In the consideration of the question whether the payment of expenses is in violation of a constitutional provision prohibiting, either expressly or by implication, an increase in the compensation of public officers during their term of office, a distinction has been made between legislative, or official, expenses and personal expenses. This distinction is clearly expressed in State ex rel. Griffith v. Turner, 117 Kan., 755, 233 P., 510, 511: "The distinction between expenses that are legislative and those that are personal is that legislative expenses are those that are necessary to enable the Legislature to properly perform its functions, while those that are personal are those that must be incurred by a member of the Legislature in order to be present at the place of meeting — expenses for his personal comfort and convenience, which have nothing to do with the performance of his duty as a member of the Legislature. Personal expenses are those incurred for rooms, meals, laundry, communications with their homes, and other things of like character."
We know of no case in which it is held that the payment of official expenses, even as thus limited, is in violation of a provision of a Constitution prohibiting an increase in, or limiting the amount of, "compensation," and we apprehend that such position could not be maintained; such expenses are a necessary part of the operation of government. It is held, however, by some authority, that the payment of personal expenses is in effect an increase in compensation, and hence not allowable under such constitutional provisions. See Griffith v. Turner, supra; Jones v. Hoss, 132 Or., 175, 285 P., 205; Ashton v. Ferguson, 164 Ark. 254, 261 S.W., 624; State v. Clausen, 142 Wn., 450, 253 P., 805; Dixon v. Shaw, 122 Okla. 211, 253 P., 500, 50 A.L.R., 1232; Peay v.
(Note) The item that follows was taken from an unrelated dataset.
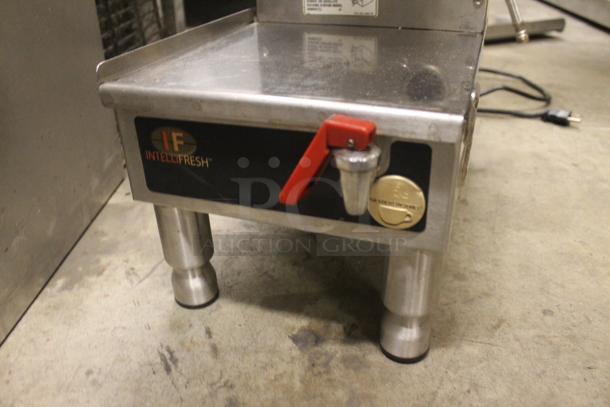 Curtis GEMSIF10A2419 Stainless Steel Commercial Countertop Coffee Machine w/ Hot Water Dispenser. 220 Volts, 1 Phase.  - Image 5 of 6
Nolan, 157 Tenn., 222, 7 S.W.2d 815, 817, 60 A.L.R., 408.
In some cases, this conclusion is reached under a provision of the Constitution allowing members of the General Assembly a certain salary, or per diem, and a certain amount as mileage, the maxim, "Expressio unius est exclusio alterius," being resorted to as an aid to construction, the reasoning being that as the Constitution provides for payment of mileage, a personal expense, there is a necessary implication, under the maxim, that no other personal expenses can be paid. State ex real. Griffith v. Turner, supra; Dixon v. Shaw, supra; State v. Clausen, supra. We are not sure that we agree with this reasoning, first, because mileage, which represents the expenses of necessary travel in order that a member of the General Assembly may attend its meetings, may be regarded as partaking of the nature of official expenses, and, second, because we think that too great stress should not be laid upon the quoted maxim in construing a State Constitution and particularly a provision which relates to the legislative department. In Pine v. Commonwealth, supra, it was said: "The maxim, `Expressio unius est exclusio alterius,' though often of importance and value, is not of universal application, even in the interpretation of State Constitutions. They are the fundamental, permanent law of the land, providing for the future as well as the present, and should carry out the principles of government as gathered from the instrument when read as a whole. * * * Only those things expressed in such positive affirmative terms as plainly imply the negative of what is not mentioned, in view of the known policy of the State, will be considered as prohibiting the powers of the Legislature. The principle of the maxim should be applied with great caution to those provisions of the Constitution which relate to the legislative department, and the exclusion should not be made unless it appears to be a plainly necessary result of the language used."
And in State v. Martin, 60 Ark. 343, 30 S.W. 421, 424, 28 L.R.A., 153: "This Court is thoroughly committed to the doctrine that the maxim `Expressio unius est exclusio alterius' is not to be applied with the same rigor in construing a State Constitution as a statute and that only those things expressed in such positive affirmative terms as plainly imply the negative of what is not mentioned will be considered as inhibiting the powers of the legislature."
See, also, Matthews Company v. A.C.L.R. Co., 102 S.C. 494, 86 S.E., 1009.
On the other hand it has been held that payment of expenses not being prohibited by the Constitution, the allowance of incidental expenses which are of such nature that the duties of the office cannot be performed without incurring them is not unconstitutional, it being the intent of the statute, in allowing expenses, to save the official salary to the officer, as his pay, without encroachment through expenses imposed by his official position. McCoy v. Handlin, 35 S.D., 487, 153 N.W., 361, L.R.A., 1915-E, 858, Ann. Cas., 1917-A, 1046; Christopherson v. Reeves, 44 S.D., 634, 184 N.W., 1015. It is objected to these decisions that the members of the Court had a personal interest in the outcome of the McCoy case, but we are not so much concerned with the possible motive of the members of the Court in arriving at a conclusion as with the logic and force of the reasoning embodied in the opinions.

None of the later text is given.